== ACTIVITY ==
Would you transcribe the records word for word, please?

== TASK MATERIAL ==
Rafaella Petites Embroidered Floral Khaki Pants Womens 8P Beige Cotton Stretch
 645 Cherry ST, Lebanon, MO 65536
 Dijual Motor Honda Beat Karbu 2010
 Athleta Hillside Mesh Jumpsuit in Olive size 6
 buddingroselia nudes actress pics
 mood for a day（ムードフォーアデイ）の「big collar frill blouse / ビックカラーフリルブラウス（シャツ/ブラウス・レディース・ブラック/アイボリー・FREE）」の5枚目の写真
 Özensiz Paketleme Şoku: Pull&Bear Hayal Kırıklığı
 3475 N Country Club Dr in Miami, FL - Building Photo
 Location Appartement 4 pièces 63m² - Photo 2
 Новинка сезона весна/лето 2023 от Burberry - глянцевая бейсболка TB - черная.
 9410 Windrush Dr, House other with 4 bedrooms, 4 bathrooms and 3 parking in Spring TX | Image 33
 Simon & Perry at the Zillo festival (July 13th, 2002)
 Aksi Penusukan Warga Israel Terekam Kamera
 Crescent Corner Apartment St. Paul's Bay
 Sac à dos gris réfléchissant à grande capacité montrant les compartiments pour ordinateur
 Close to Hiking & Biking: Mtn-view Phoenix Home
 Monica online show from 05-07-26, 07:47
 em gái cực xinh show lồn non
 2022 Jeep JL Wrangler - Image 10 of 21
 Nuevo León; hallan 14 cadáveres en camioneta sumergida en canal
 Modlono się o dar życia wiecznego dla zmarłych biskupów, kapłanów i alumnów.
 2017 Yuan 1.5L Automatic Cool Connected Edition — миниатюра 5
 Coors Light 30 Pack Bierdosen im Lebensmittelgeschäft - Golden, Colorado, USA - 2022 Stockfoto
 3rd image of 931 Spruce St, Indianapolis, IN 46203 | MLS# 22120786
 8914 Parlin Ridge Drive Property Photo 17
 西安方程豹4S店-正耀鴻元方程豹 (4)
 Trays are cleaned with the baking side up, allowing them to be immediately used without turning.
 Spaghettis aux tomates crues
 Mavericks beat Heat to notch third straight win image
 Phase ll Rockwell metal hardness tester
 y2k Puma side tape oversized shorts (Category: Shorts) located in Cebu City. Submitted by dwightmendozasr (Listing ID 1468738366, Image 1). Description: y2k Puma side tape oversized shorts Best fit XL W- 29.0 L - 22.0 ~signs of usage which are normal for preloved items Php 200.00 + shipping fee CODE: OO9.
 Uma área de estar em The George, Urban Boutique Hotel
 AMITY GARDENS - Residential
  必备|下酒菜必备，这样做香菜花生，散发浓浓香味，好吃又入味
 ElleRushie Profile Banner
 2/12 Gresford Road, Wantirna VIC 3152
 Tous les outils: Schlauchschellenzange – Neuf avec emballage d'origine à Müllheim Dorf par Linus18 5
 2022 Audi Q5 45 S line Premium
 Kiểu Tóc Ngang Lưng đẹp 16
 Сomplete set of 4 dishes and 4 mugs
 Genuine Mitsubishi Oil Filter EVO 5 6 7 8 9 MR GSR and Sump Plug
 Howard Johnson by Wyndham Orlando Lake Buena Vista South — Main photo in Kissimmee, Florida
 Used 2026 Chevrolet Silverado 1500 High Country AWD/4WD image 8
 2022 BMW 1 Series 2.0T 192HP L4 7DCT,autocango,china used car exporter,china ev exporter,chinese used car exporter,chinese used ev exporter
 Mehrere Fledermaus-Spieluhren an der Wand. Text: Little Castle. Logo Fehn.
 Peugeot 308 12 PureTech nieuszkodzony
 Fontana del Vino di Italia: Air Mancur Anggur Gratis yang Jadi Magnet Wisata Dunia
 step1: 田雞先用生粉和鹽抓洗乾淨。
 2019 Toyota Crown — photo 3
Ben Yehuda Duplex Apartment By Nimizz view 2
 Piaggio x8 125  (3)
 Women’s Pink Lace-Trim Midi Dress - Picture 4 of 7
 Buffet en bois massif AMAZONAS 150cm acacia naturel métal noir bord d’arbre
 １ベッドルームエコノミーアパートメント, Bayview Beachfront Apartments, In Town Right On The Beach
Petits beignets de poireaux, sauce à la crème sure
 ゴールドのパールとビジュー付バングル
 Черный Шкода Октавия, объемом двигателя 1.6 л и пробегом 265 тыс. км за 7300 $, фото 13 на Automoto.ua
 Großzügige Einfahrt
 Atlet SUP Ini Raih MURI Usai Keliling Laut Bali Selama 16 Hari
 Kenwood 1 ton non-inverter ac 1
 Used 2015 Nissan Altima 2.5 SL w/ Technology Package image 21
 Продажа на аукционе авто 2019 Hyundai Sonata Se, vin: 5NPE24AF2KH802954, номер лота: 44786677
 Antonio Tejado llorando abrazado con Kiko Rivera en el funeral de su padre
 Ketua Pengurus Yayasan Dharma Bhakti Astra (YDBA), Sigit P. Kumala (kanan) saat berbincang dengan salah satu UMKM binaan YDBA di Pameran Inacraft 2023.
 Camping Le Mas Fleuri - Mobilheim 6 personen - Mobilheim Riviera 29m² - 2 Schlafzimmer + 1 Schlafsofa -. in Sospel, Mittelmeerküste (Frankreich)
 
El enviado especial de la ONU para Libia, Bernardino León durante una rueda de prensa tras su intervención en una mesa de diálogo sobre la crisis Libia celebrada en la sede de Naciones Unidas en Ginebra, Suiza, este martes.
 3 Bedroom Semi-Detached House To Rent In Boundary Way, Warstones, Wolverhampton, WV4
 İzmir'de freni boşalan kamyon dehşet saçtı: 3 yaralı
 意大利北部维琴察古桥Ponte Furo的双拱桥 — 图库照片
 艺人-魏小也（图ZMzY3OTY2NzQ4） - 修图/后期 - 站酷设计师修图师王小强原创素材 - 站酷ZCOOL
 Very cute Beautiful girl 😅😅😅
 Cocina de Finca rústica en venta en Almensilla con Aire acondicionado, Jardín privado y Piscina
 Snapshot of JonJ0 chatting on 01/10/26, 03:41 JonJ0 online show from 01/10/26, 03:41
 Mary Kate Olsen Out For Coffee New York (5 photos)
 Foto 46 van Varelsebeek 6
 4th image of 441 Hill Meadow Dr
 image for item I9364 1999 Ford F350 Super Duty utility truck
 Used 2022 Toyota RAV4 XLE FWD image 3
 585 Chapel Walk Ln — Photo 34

== EXERCISE OUTPUT ==
Rafaella Petites Embroidered Floral Khaki Pants Womens 8P Beige Cotton Stretch
 645 Cherry ST, Lebanon, MO 65536
 Dijual Motor Honda Beat Karbu 2010
 Athleta Hillside Mesh Jumpsuit in Olive size 6
 buddingroselia nudes actress pics
 mood for a day（ムードフォーアデイ）の「big collar frill blouse / ビックカラーフリルブラウス（シャツ/ブラウス・レディース・ブラック/アイボリー・FREE）」の5枚目の写真
 Özensiz Paketleme Şoku: Pull&Bear Hayal Kırıklığı
 3475 N Country Club Dr in Miami, FL - Building Photo
 Location Appartement 4 pièces 63m² - Photo 2
 Новинка сезона весна/лето 2023 от Burberry - глянцевая бейсболка TB - черная.
 9410 Windrush Dr, House other with 4 bedrooms, 4 bathrooms and 3 parking in Spring TX | Image 33
 Simon & Perry at the Zillo festival (July 13th, 2002)
 Aksi Penusukan Warga Israel Terekam Kamera
 Crescent Corner Apartment St. Paul's Bay
 Sac à dos gris réfléchissant à grande capacité montrant les compartiments pour ordinateur
 Close to Hiking & Biking: Mtn-view Phoenix Home
 Monica online show from 05-07-26, 07:47
 em gái cực xinh show lồn non
 2022 Jeep JL Wrangler - Image 10 of 21
 Nuevo León; hallan 14 cadáveres en camioneta sumergida en canal
 Modlono się o dar życia wiecznego dla zmarłych biskupów, kapłanów i alumnów.
 2017 Yuan 1.5L Automatic Cool Connected Edition — миниатюра 5
 Coors Light 30 Pack Bierdosen im Lebensmittelgeschäft - Golden, Colorado, USA - 2022 Stockfoto
 3rd image of 931 Spruce St, Indianapolis, IN 46203 | MLS# 22120786
 8914 Parlin Ridge Drive Property Photo 17
 西安方程豹4S店-正耀鴻元方程豹 (4)
 Trays are cleaned with the baking side up, allowing them to be immediately used without turning.
 Spaghettis aux tomates crues
 Mavericks beat Heat to notch third straight win image
 Phase ll Rockwell metal hardness tester
 y2k Puma side tape oversized shorts (Category: Shorts) located in Cebu City. Submitted by dwightmendozasr (Listing ID 1468738366, Image 1). Description: y2k Puma side tape oversized shorts Best fit XL W- 29.0 L - 22.0 ~signs of usage which are normal for preloved items Php 200.00 + shipping fee CODE: OO9.
 Uma área de estar em The George, Urban Boutique Hotel
 AMITY GARDENS - Residential
  必备|下酒菜必备，这样做香菜花生，散发浓浓香味，好吃又入味
 ElleRushie Profile Banner
 2/12 Gresford Road, Wantirna VIC 3152
 Tous les outils: Schlauchschellenzange – Neuf avec emballage d'origine à Müllheim Dorf par Linus18 5
 2022 Audi Q5 45 S line Premium
 Kiểu Tóc Ngang Lưng đẹp 16
 Сomplete set of 4 dishes and 4 mugs
 Genuine Mitsubishi Oil Filter EVO 5 6 7 8 9 MR GSR and Sump Plug
 Howard Johnson by Wyndham Orlando Lake Buena Vista South — Main photo in Kissimmee, Florida
 Used 2026 Chevrolet Silverado 1500 High Country AWD/4WD image 8
 2022 BMW 1 Series 2.0T 192HP L4 7DCT,autocango,china used car exporter,china ev exporter,chinese used car exporter,chinese used ev exporter
 Mehrere Fledermaus-Spieluhren an der Wand. Text: Little Castle. Logo Fehn.
 Peugeot 308 12 PureTech nieuszkodzony
 Fontana del Vino di Italia: Air Mancur Anggur Gratis yang Jadi Magnet Wisata Dunia
 step1: 田雞先用生粉和鹽抓洗乾淨。
 2019 Toyota Crown — photo 3
Ben Yehuda Duplex Apartment By Nimizz view 2
 Piaggio x8 125  (3)
 Women’s Pink Lace-Trim Midi Dress - Picture 4 of 7
 Buffet en bois massif AMAZONAS 150cm acacia naturel métal noir bord d’arbre
 １ベッドルームエコノミーアパートメント, Bayview Beachfront Apartments, In Town Right On The Beach
Petits beignets de poireaux, sauce à la crème sure
 ゴールドのパールとビジュー付バングル
 Черный Шкода Октавия, объемом двигателя 1.6 л и пробегом 265 тыс. км за 7300 $, фото 13 на Automoto.ua
 Großzügige Einfahrt
 Atlet SUP Ini Raih MURI Usai Keliling Laut Bali Selama 16 Hari
 Kenwood 1 ton non-inverter ac 1
 Used 2015 Nissan Altima 2.5 SL w/ Technology Package image 21
 Продажа на аукционе авто 2019 Hyundai Sonata Se, vin: 5NPE24AF2KH802954, номер лота: 44786677
 Antonio Tejado llorando abrazado con Kiko Rivera en el funeral de su padre
 Ketua Pengurus Yayasan Dharma Bhakti Astra (YDBA), Sigit P. Kumala (kanan) saat berbincang dengan salah satu UMKM binaan YDBA di Pameran Inacraft 2023.
 Camping Le Mas Fleuri - Mobilheim 6 personen - Mobilheim Riviera 29m² - 2 Schlafzimmer + 1 Schlafsofa -. in Sospel, Mittelmeerküste (Frankreich)
 
El enviado especial de la ONU para Libia, Bernardino León durante una rueda de prensa tras su intervención en una mesa de diálogo sobre la crisis Libia celebrada en la sede de Naciones Unidas en Ginebra, Suiza, este martes.
 3 Bedroom Semi-Detached House To Rent In Boundary Way, Warstones, Wolverhampton, WV4
 İzmir'de freni boşalan kamyon dehşet saçtı: 3 yaralı
 意大利北部维琴察古桥Ponte Furo的双拱桥 — 图库照片
 艺人-魏小也（图ZMzY3OTY2NzQ4） - 修图/后期 - 站酷设计师修图师王小强原创素材 - 站酷ZCOOL
 Very cute Beautiful girl 😅😅😅
 Cocina de Finca rústica en venta en Almensilla con Aire acondicionado, Jardín privado y Piscina
 Snapshot of JonJ0 chatting on 01/10/26, 03:41 JonJ0 online show from 01/10/26, 03:41
 Mary Kate Olsen Out For Coffee New York (5 photos)
 Foto 46 van Varelsebeek 6
 4th image of 441 Hill Meadow Dr
 image for item I9364 1999 Ford F350 Super Duty utility truck
 Used 2022 Toyota RAV4 XLE FWD image 3
 585 Chapel Walk Ln — Photo 34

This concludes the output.